The **context** tab provides the following details about a container or pod:

- Cluster ID
- Node
- Controller Kind
- Controller Name
- Pod Name
- Container
- Kind
- Pod UID

This information helps orient you as to where the container/pod operates inside your cluster.

The **Metrics** tab contains charts visualizing the last 15 minutes of the same metrics available in the [color by
option](#color-by). Use these metrics along with the context, to identify which containers or pods are experiencing
problematic behavior to investigate further, troubleshoot, and remediate with `kubectl` or another tool.

## Composite charts

The Kubernetes composite charts show real-time and historical resource utilization metrics from nodes, pods, or
containers within your Kubernetes deployment.

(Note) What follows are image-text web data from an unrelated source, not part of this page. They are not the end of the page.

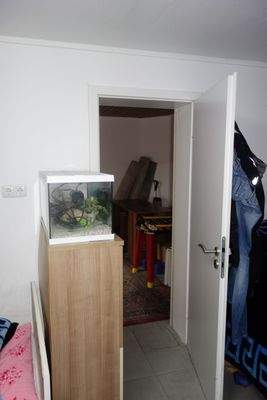 Zimmer 2 EG Türe zu Zimmer 1.JPG
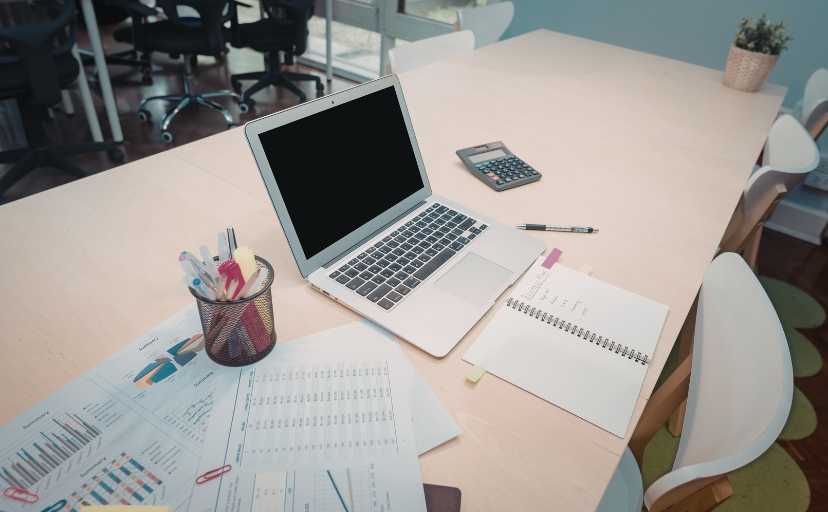 準備 2：工作空間與設備，而不是客廳沙發就好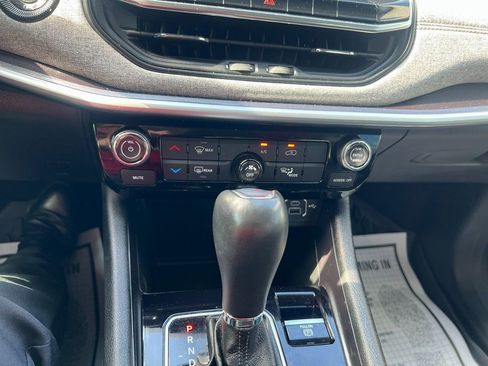 Used 2022 Jeep Compass Latitude image 24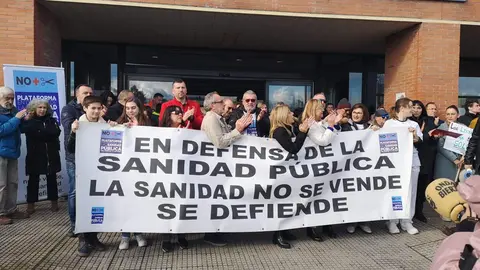 Concentraci&oacute;n 'Abrazo al Hospital' ante el hospital del Bierzo
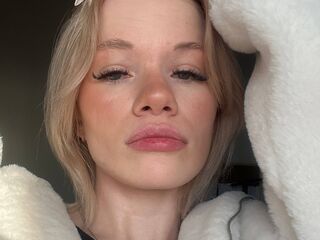 naked girl with live cam masturbating RenitaKoo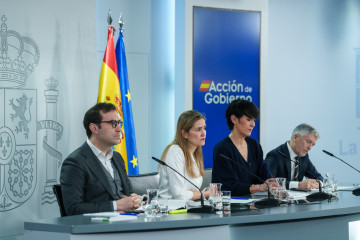 (I-D) El ministro de Economía, Comercio y Empresa, Carlos Cuerpo, la vicepresidenta tercera y ministra para la Transición Ecológica y Reto Demográfico, Sara Aagesen, la ministra de Inclusión, Seg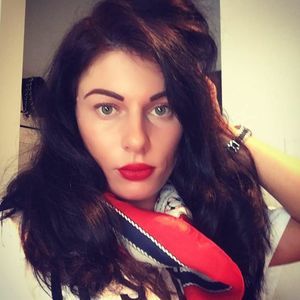 Meet your Posher, Elise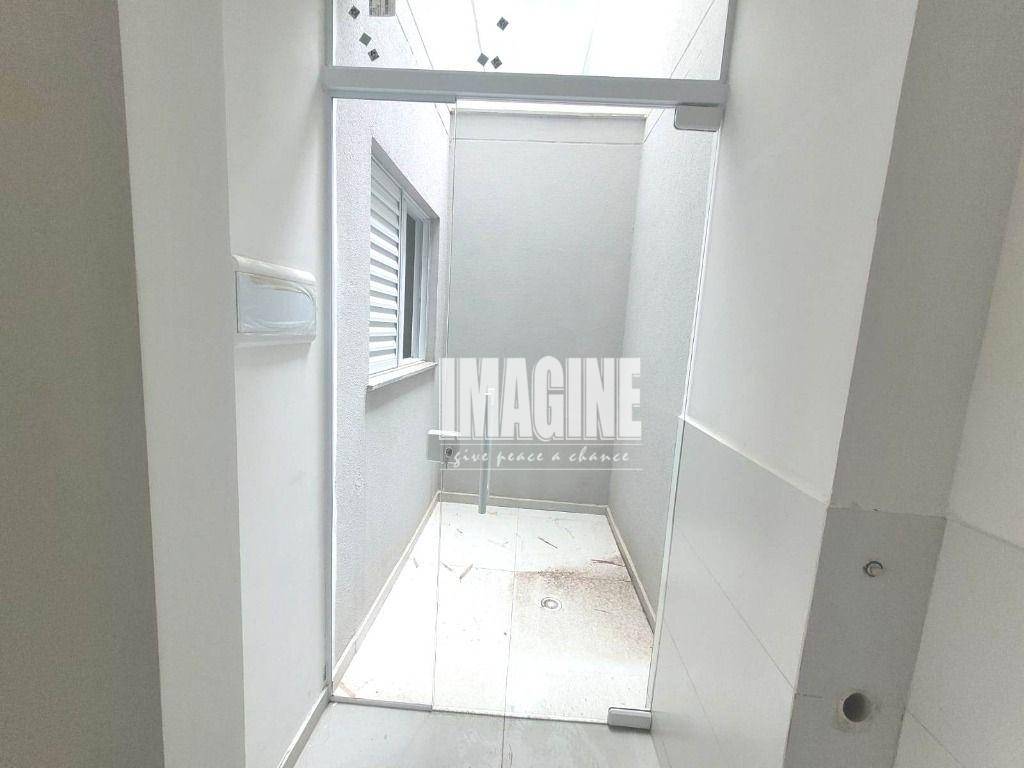 Apartamento à venda com 2 quartos, 40m² - Foto 10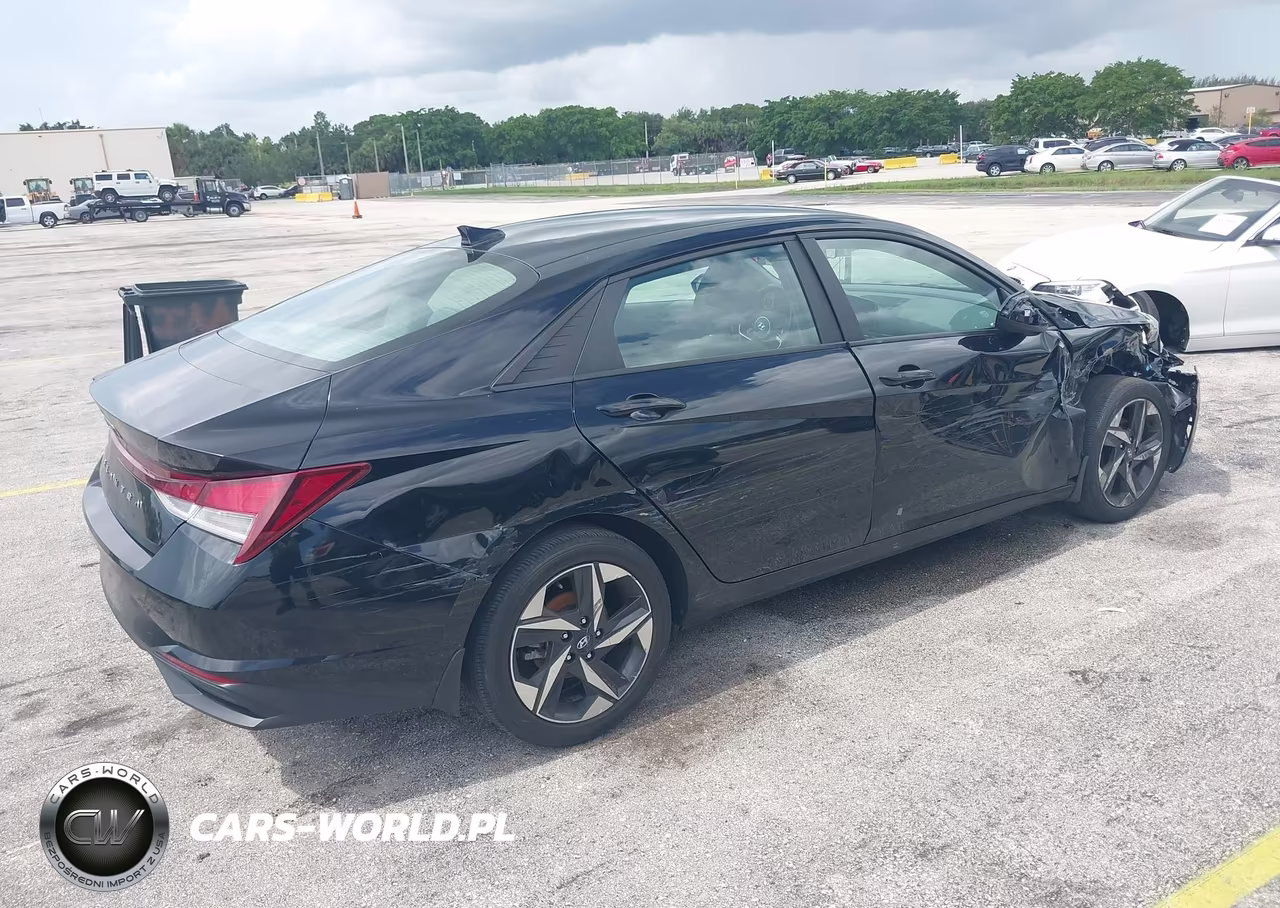 2023 Hyundai Elantra Sel VIN:KMHLS4AG0PU502208 - 4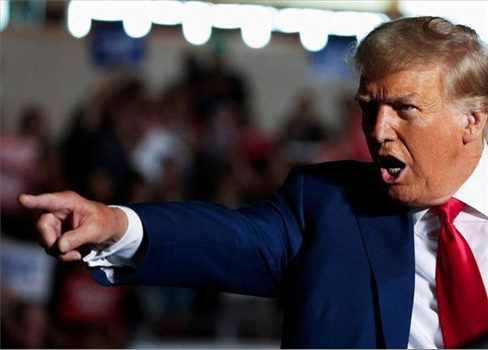 ترامب يتوعد بالفوضى في حال خسر الانتخابات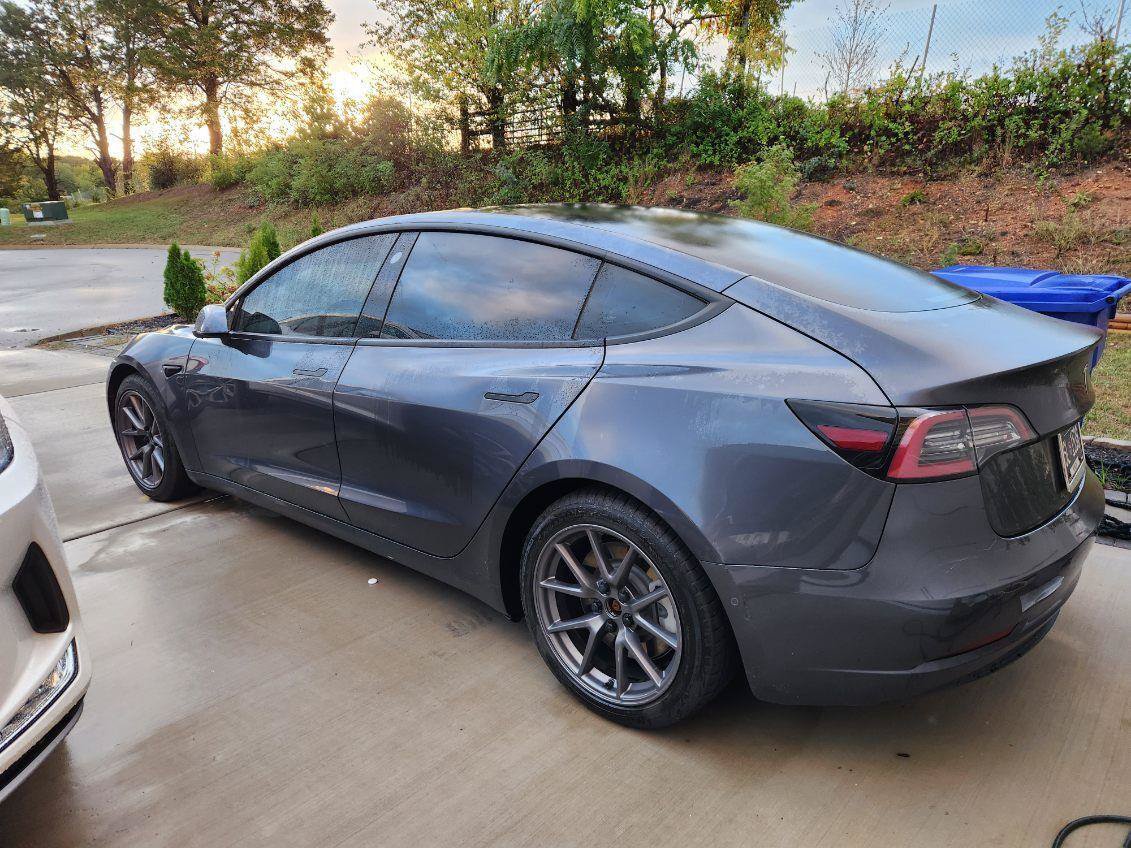 Used 2021 Tesla Model 3 Standard Range Plus RWD image 2
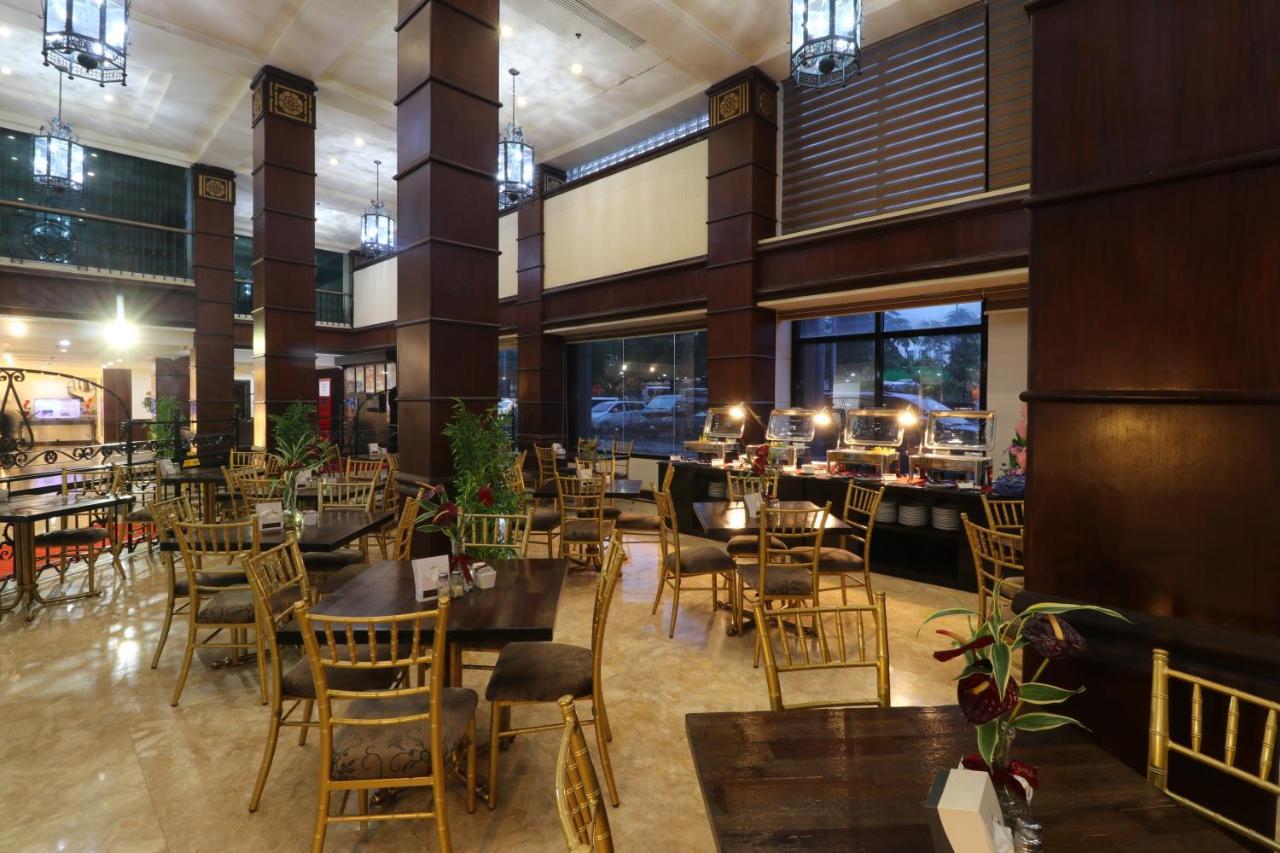Bayview Park Hotel Manila Ngoại thất bức ảnh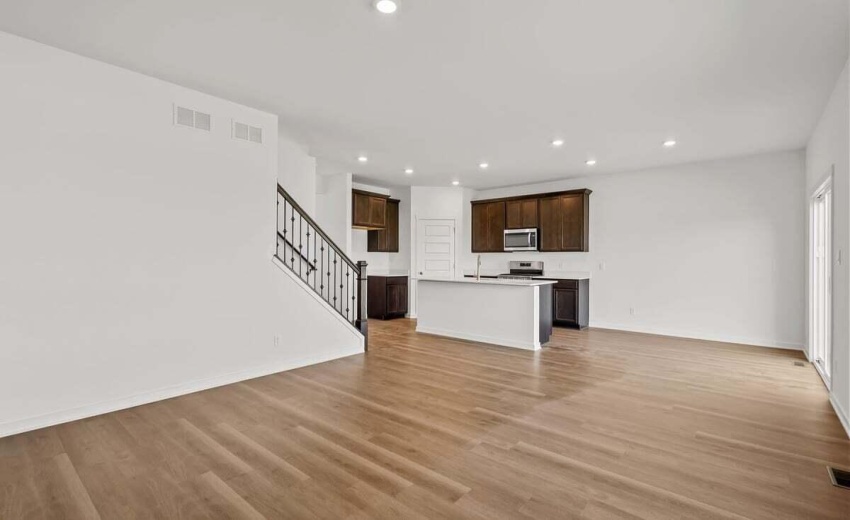10515BlaineStInt-25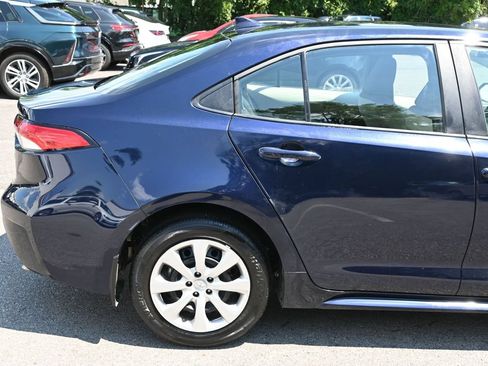 Used 2025 Toyota Corolla LE FWD image 41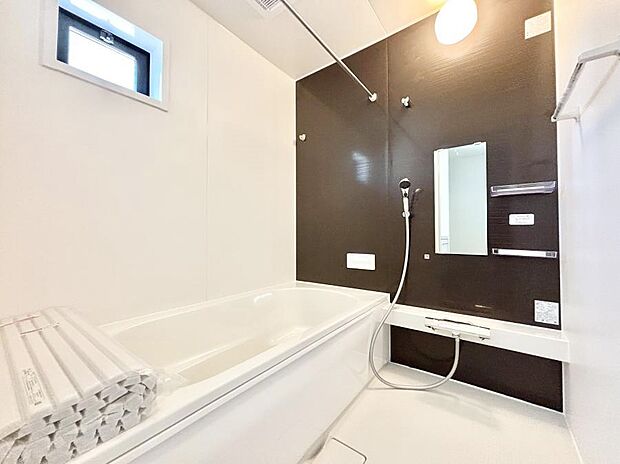 〜Bath Room〜 窓付きのバスルームは、採光もあり明るく気持ちの良い空間です。窓があることで、換気環境も良好。ゆったり寛げるバスルームで、毎日のバスタイムが楽しみになりそうです。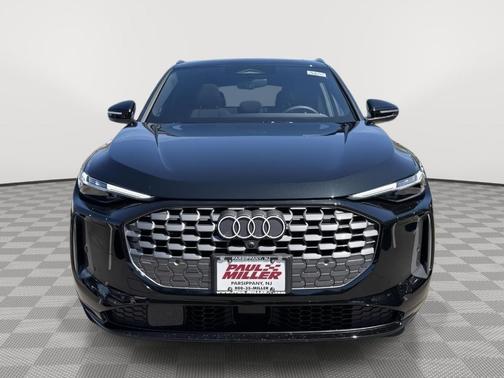 Mythos Black Metallic 2026 Audi Q5 PLUS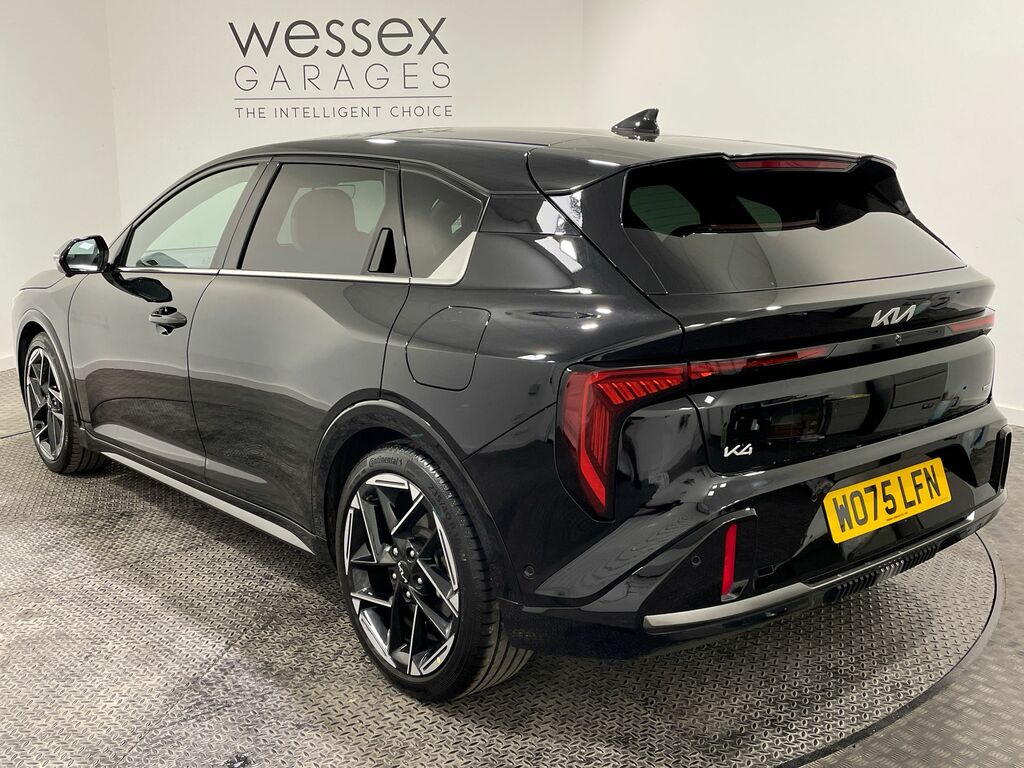 Kia K4 1.6T-gdi 180 Gt-line S Dct WO75LFN Black #4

See the [Overview](https://github.com/netdata/netdata/blob/master/docs/cloud/visualize/overview.md#definition-bar) doc for details on how composite charts work. These
work similarly, but in addition to visualizing _by dimension_ and _by node_, Kubernetes composite charts can also be
grouped by the following labels:

- `k8s_cluster_id`
- `k8s_container_id`
- `k8s_container_name`
- `k8s_controller_kind`
- `k8s_kind`
- `k8s_namespace`
- `k8s_node_name`
- `k8s_pod_name`
- `k8s_pod_uid`

![Composite charts of Kubernetes metrics in Netdata
Cloud](https://user-images.githubusercontent.com/1153921/106964370-3a8dd780-66ff-11eb-8858-05b2253b25c6.png)

In addition, when you hover over a composite chart, the colors in the heat map changes as well, so you can see how
certain pod/container-level metrics change over time.

## Caveats

There are some caveats and known issues with Kubernetes monitoring with Netdata Cloud.

- **No way to remove any nodes** you might have
  [drained](https://kubernetes.io/docs/tasks/administer-cluster/safely-drain-node/) from your Kubernetes cluster. These
  drained nodes will be marked "unreachable" and will show up in War Room management screens/dropdowns. The same applies
  for any ephemeral nodes created and destroyed during horizontal scaling.